Q18. There are n sets of numbers each having only three positive integers with LCM equal to 1001 and HCF equal to 1. What is the value of n?

First, find the prime factorization of 1001: 1001 = 7 × 11 × 13. Let the three positive integers be a, b, and c. We are given that LCM(a, b, c) = 1001 and HCF(a, b, c) = 1. For LCM(a, b, c) = 7 × 11 × 13, each of the prime factors (7, 11, 13) must appear in at least one of the numbers a, b, or c, and their highest power in any of the numbers must be 1.

For HCF(a, b, c) = 1, no prime factor (7, 11, 13) can be common to all three numbers. Let's list some possible sets {a, b, c} that satisfy these conditions: 1. {7, 11, 13}: HCF(7, 11, 13) = 1, LCM(7, 11, 13) = 1001.

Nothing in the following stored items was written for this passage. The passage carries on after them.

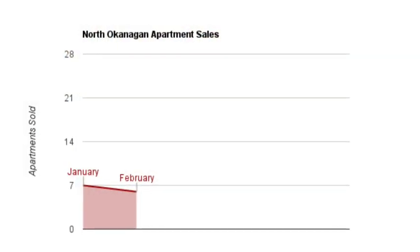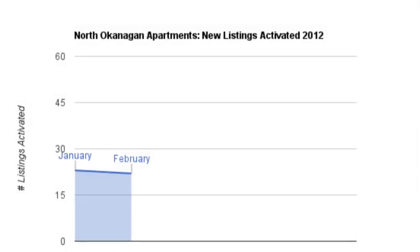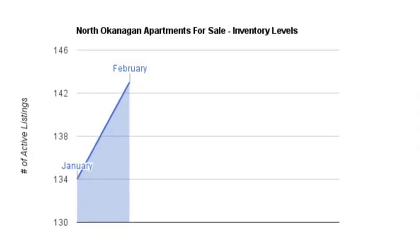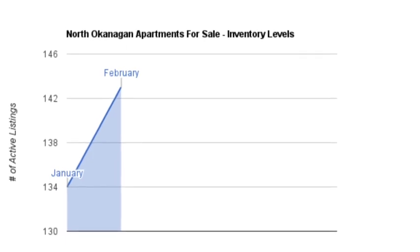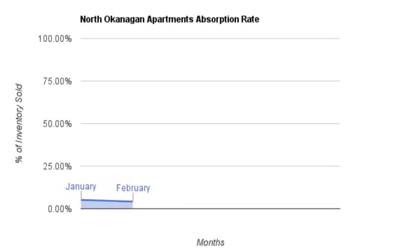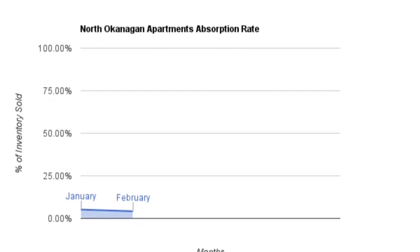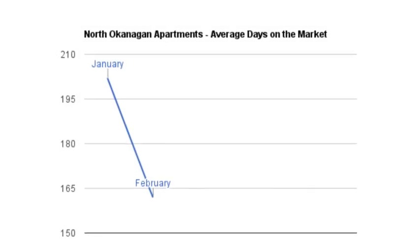Let's go look at the apartments and see what's happening. The number of apartments sold dropped from 7 in January to 6 in February, and the number of listings activated also dropped by 1, with 22 apartments listed in February. At the end of February, there were 143 apartments listed for sale, reflecting a modest increase from the 134 mark of January. The absorption rate dropped 1% to 4.20%, indicating a strong buyer's market. The average days for an apartment to sell dropped from 202 in January to 162 in February.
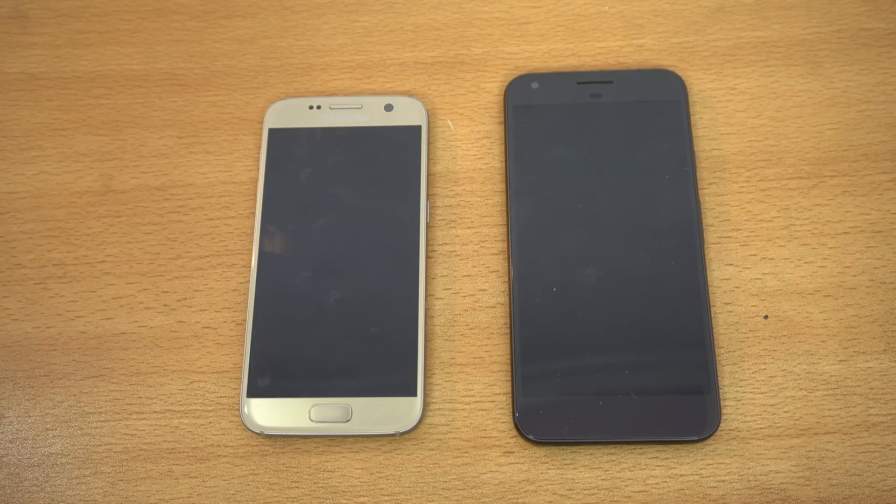Hey guys, it's time to do a speed test comparison between the Galaxy S7 running Android 7.0 Nougat versus the new Google Pixel XL that comes with Android 7.1 Nougat stock version. We're going to be doing a speed test as well as a bit of a software comparison to see what the similarities are.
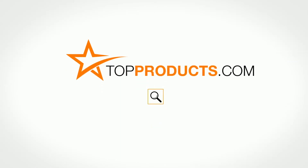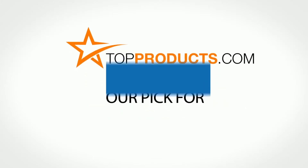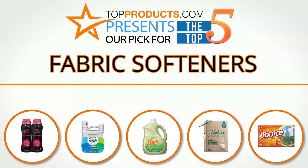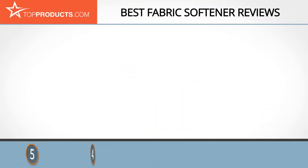TopProducts.com presents our pick for the top 5 fabric softeners. For this review, we chose 5 brands known for quality fabric softeners, showcasing a variety of options that are available.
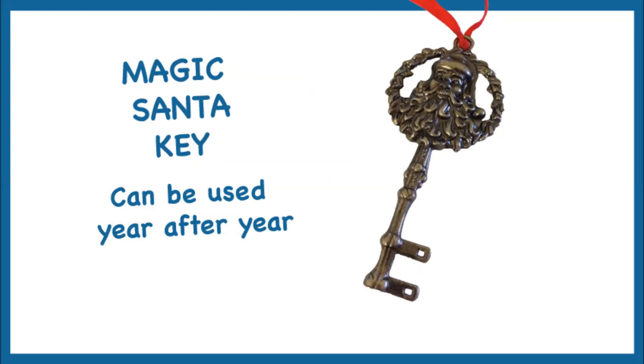The magic Santa key is great for children to hang out on Christmas Eve, making sure Santa can get into their home. Made from metal, it can be used year after year.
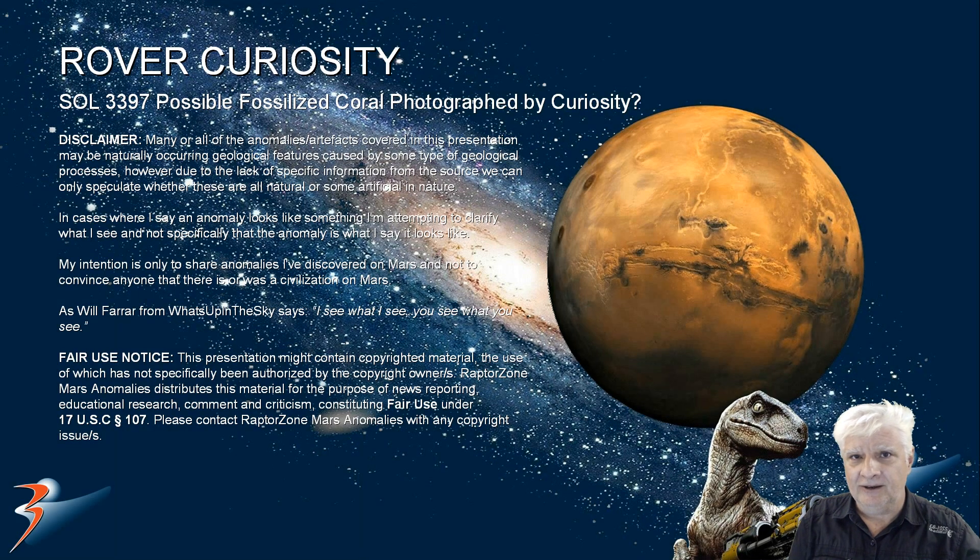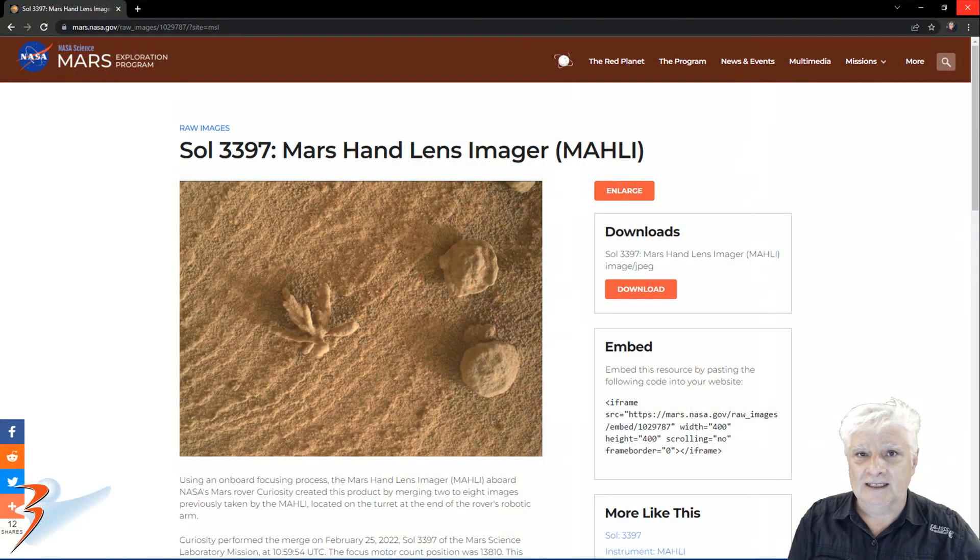Here's another weird one, guys. We're looking at a strange object photographed by Rover Curiosity on Sol 3397. As always, I'll include the link to the source material in the description below. In this article, NASA talks about the way that multiple images taken of these small items are combined or merged and then sent back to Earth as one file. They don't say anything about this strange item.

(1 set) 2. {1, 7, 143}: (143 = 11 × 13). HCF(1, 7, 143) = 1, LCM(1, 7, 143) = 1001. (1 set) 3. {1, 11, 91}: (91 = 7 × 13). HCF(1, 11, 91) = 1, LCM(1, 11, 91) = 1001. (1 set) 4. {1, 13, 77}: (77 = 7 × 11).

HCF(1, 13, 77) = 1, LCM(1, 13, 77) = 1001. (1 set) 5. {1, 1, 1001}: HCF(1, 1, 1001) = 1, LCM(1, 1, 1001) = 1001. (1 set) 6. {7, 11, 1001}: HCF(7, 11, 1001) = 1, LCM(7, 11, 1001) = 1001.

(1 set) 7. {7, 13, 1001}: HCF(7, 13, 1001) = 1, LCM(7, 13, 1001) = 1001. (1 set) 8. {11, 13, 1001}: HCF(11, 13, 1001) = 1, LCM(11, 13, 1001) = 1001. (1 set) 9. {1, 77, 1001}: HCF(1, 77, 1001) = 1, LCM(1, 77, 1001) = 1001.

(1 set) 10. {1, 91, 1001}: HCF(1, 91, 1001) = 1, LCM(1, 91, 1001) = 1001. (1 set) 11. {1, 143, 1001}: HCF(1, 143, 1001) = 1, LCM(1, 143, 1001) = 1001. (1 set) We have already found 11 distinct sets.

Since the options are 6, 7, 8, or More than 8, the answer is clearly 'More than 8'. This problem is quite challenging for UPSC CSAT, requiring careful enumeration or a more advanced combinatorial approach to ensure all valid sets are considered. It tests advanced concepts of LCM and HCF.